An operator in Gulf of Guinea experienced dramatic production impairment due to calcium carbonate scaling. Post completion analysis revealed that the scaling magnitude was dependent upon several influences, primarily the reservoir pressure; access to mobile formation water coupled with its scaling tendency induced carbonate scales deposit. The impact of the completion brine and drilling mud and filtrate as whole losses or secondary filtrate were identified as contributors. The above study and its conclusions were reported concurrent with on-going planning for the next horizontal drill and open-hole gravel-pack completion. The water-base reservoir drilling fluid (RDF), screen running fluid (SF), completion brine, gravel pack carrier fluid, and filter-cake breaker fluid were designed with divalent calcium chloride brine. The required products for these systems were already on location and operations very close to commencing.

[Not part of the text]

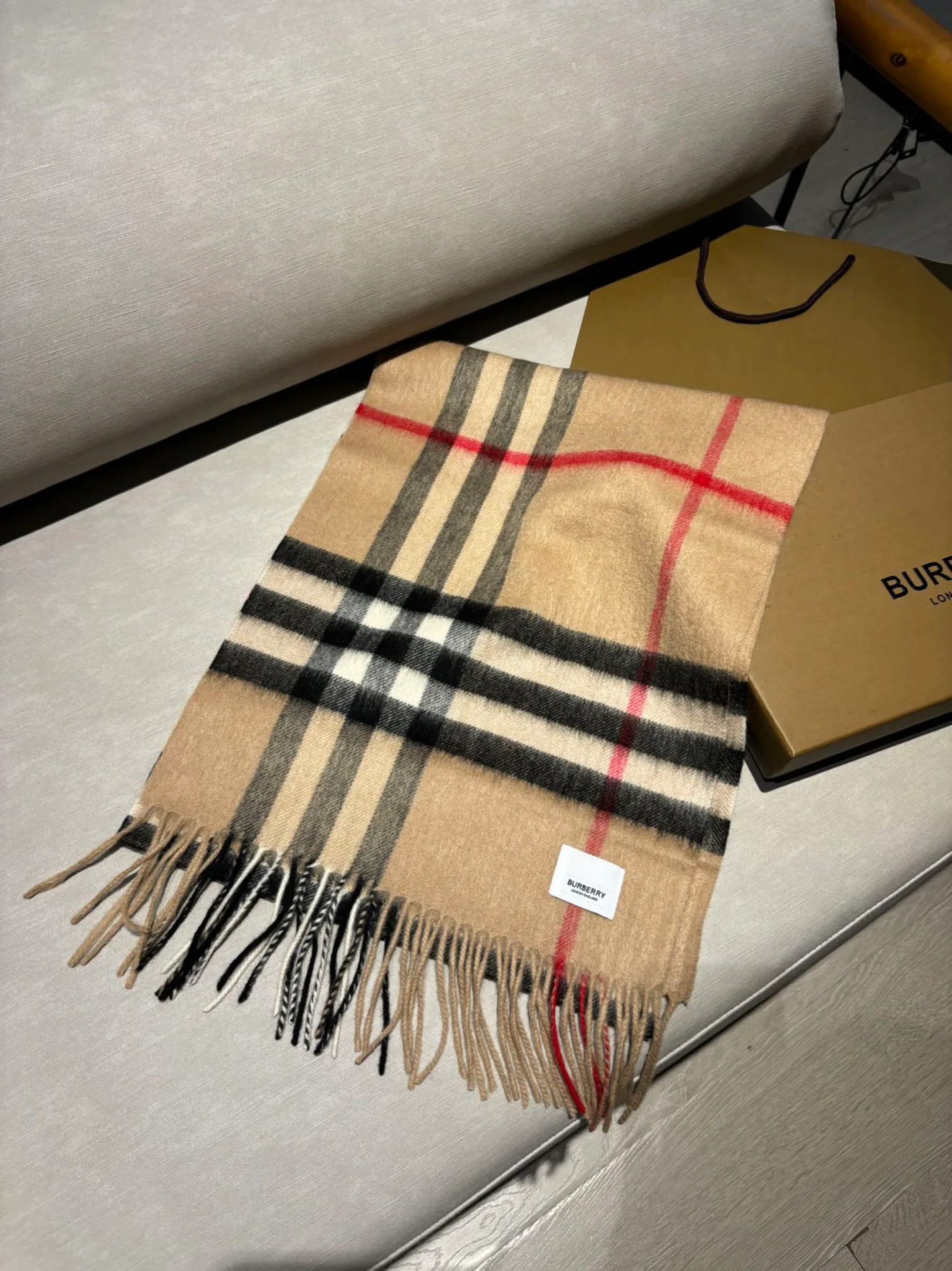 Scarves BURBERRY 18507487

Redesigning all these systems by replacing the divalent brine with monovalent brine would require additional resources and delay the project. However, a scale inhibitor was recommended to mitigate the initial risk of scale formation when using divalent calcium brine. Concentrations of Scale inhibitors were tested over a range of temperature from 150F to 250F, and ratios between formation water and selected fluids from 25/75 to 75/25. Testing considered adding a scale inhibitor to the RDF as well as the other required systems.
This upfront assessment indicated that the selected inhibitor prevented scaling with formation water. As such, the operator approved the use of the scale inhibitor and the well was successfully drilled and completed. Higher initial production than modeled was realized for this well compared to other wells in this field.
This paper will present the upfront testing to assess shale inhibitor efficiency, results, and the field application used to reduce the risk of formation damage during the drilling and completion phases.